Chaque être humain a des ambitions et des rêves. Chacun d’entre nous espère et lutte pour les concrétiser. On rêve depuis l’enfance et on se fixe des objectifs à atteindre. Néanmoins, aux Comores, on a beau être ambitieux, courageux et intelligents, les efforts et les réalisations peuvent être brisés soudainement. Le système ne met pas en avant les compétences, mais plutôt le copinage. Il brise les rêves de la jeunesse. C’est l’histoire d’un jeune comorien qui par son talent et son travail a réalisé l’un de ses projets. Mais hélas, il a vu ses efforts voler en éclats en quelques secondes par la seule volonté d’un fonctionnaire. Par Natidja Hamidou
Said Maoulida, connu sous le pseudonyme Octimus Prime dans les réseaux sociaux, est un jeune comorien natif de la ville de Vouvouni dans la région de Bambao, à la Grande-Comores. Diplômé de l’Institut Universitaire de Technologie (IUT) de l’Université des Comores, en Génie Informatique, il travaille en tant que développeur mobile depuis 2017 jusqu’aujourd’hui.

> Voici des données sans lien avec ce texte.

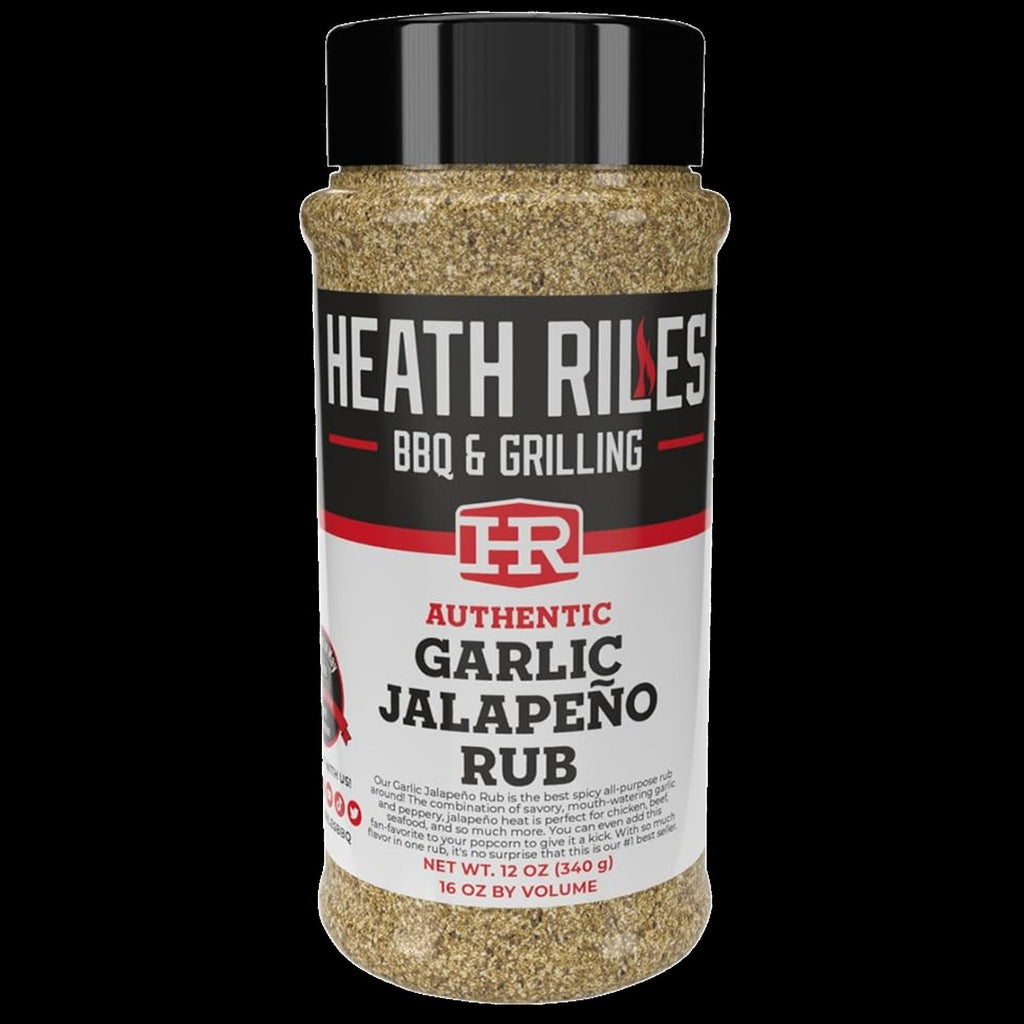 Garlic Jalapeno Rub Shaker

Un informaticien passionné
Âgé de vingt-sept ans et passionné par son travail, Said Maoulida a créé plusieurs applications informatiques. Il y a entre autres Octra (un outil informatique qui permet aux Comoriens de publier leurs annonces publicitaires, etc) ainsi qu’une autre application dénommée Mon école. Celle-ci permet aux établissements scolaires de mieux gérer leurs activités et assurer leurs missions (noter les absences, la gestion des notes et des bulletins scolaires, publication des cours, ainsi que la gestion financière de l’école). Elle est actuellement utilisée par l’école privée Mouinat (un établissement scolaire privé qui se trouve à Moroni). Cet informaticien a également conçu en 2017 Natidja, une application dont la fonctionnalité est la gestion des résultats des examens nationaux.

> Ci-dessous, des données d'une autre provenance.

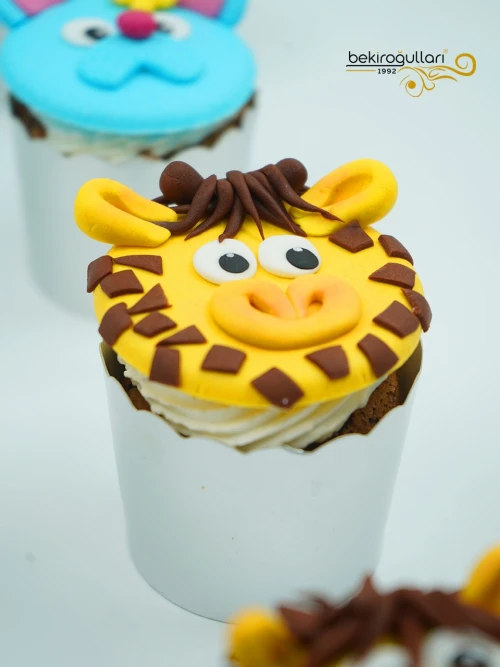 Hayvanlar Alemi Cupcake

Natidja, une application innovante
En effet, aux Comores, les résultats du baccalauréat, du brevet du collège ainsi que de l’examen d’entrée en sixième étaient habituellement affichés aux lycées de Moroni (pour les résultats de la Grande-Comore), de Mutsamudu (pour Anjouan) et Fomboni (pour Mwali). Ils étaient également diffusés à la Radio nationale et publiés en intégralité dans certains journaux. Il n’était pas facile pour les élèves et leurs parents de les avoir immédiatement. Soit à cause de l’absence d’électricité et l’impossibilité de suivre la radio ; soit à cause de la présence d’une foule immense dans les centres de délibérations. Une situation stressante pour les candidats et leurs proches.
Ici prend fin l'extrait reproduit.